Figure 15.2 shows each particle.

tibble(time = df$datetime,
       as_tibble(x)) %>% 
  pivot_longer(cols = -time, names_to = "ensemble", values_to = "x") |> 
  #mutate(x = exp(x)) |> 
  ggplot(aes(x = time, y = x, group = factor(ensemble))) +
  geom_line() +
  labs(x = "Datetime", y = "gcc 90", title = "Canopy greenness") +
  theme_bw()
Figure 15.2: Results of the particle filter with each particle shown

Let’s save the output as a different name so we can compare to a PF with observations.

x_no_obs <- x

15.3.2 PF with observations

Now we can examine how the PF uses observations to update the model and modify the trajectory. The following is the same as above except that there are data at weeks 1, 5, and 10.

obs[c(5, 10)] <- df$observation[c(5, 10)]

x <- array(NA, dim = c(num_time_steps, num_particles))
x[1, ] <- rnorm(num_particles, mean = obs[1], sd = sd_obs)

x_prior <- x 
x_prior[1, ] <- x[1, ]

for(t in 2:num_time_steps){
  
  ## forward step
  for(m in 1:num_particles){
    x[t, m ] <- x[t - 1, m  ] + rnorm(1, mean = 0, sd = sd_add)
  }
  
  x_prior[t, ] <- x[t, ]
  
  ## analysis step
  if(!is.na(obs[t])){ 
    
    ## calculate Likelihood (weights)
    wt <- dnorm(obs[t], mean = x[t, ], sd = sd_obs)    ## calculate likelihood (weight)
    
    wt_norm <- wt / sum(wt)
    
    ## resample ensemble members in proportion to their weight
    resample_index <- sample(1:num_particles, num_particles, replace = TRUE, prob = wt_norm) 
    
    x[t, ] <- x[t, resample_index]  ## update state
    
  }
}

Figure 15.3 shows the particles with the observations. You can see how the particles are adjusted when data are present.

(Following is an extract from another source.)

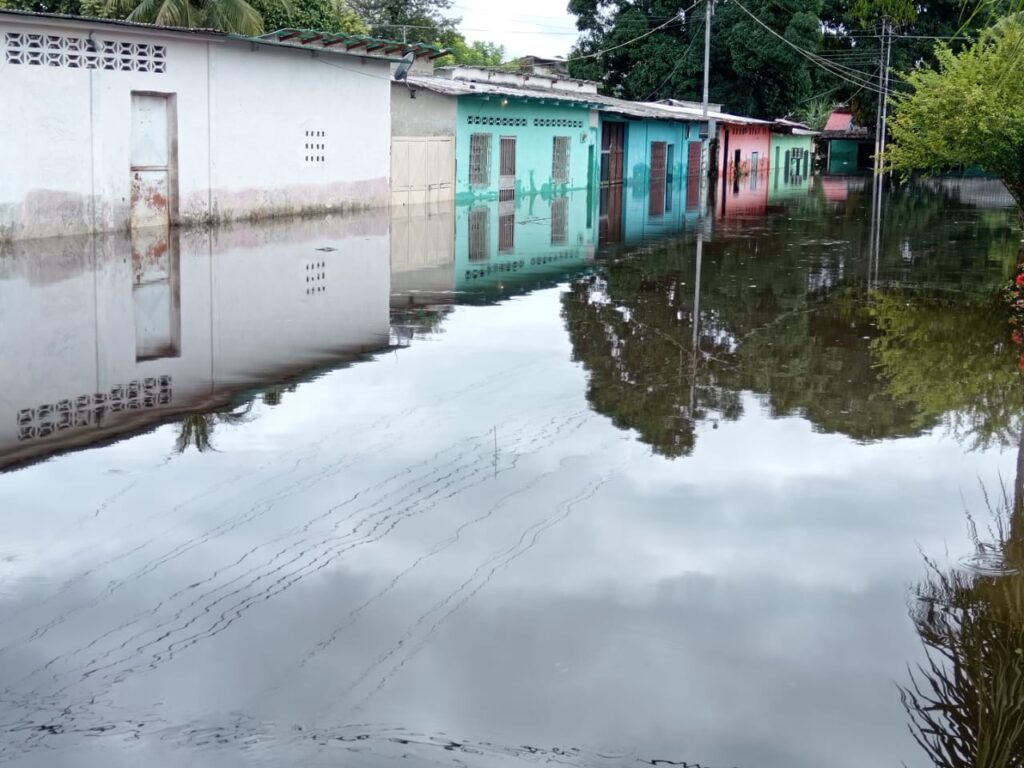 Río Orinoco superó nivel - Agencia Carabobeña de Noticias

tibble(time = df$datetime,
       as_tibble(x)) %>% 
  pivot_longer(cols = -time, names_to = "ensemble", values_to = "x") |> 
  ggplot(aes(x = time, y = x, group = factor(ensemble))) +
  geom_line() +
  labs(x = "Datetime", y = "gcc 90", title = "Canopy greenness") +
  theme_bw()
Figure 15.3: Results of the particle filter with each particle shown. Observations are included

Save the output as a different object to compare to other PF simulations

x_with_obs <- x

Now we can compare the influence of data assimilation on the last 3 weeks of the time series (think of this as a 3-week forecast)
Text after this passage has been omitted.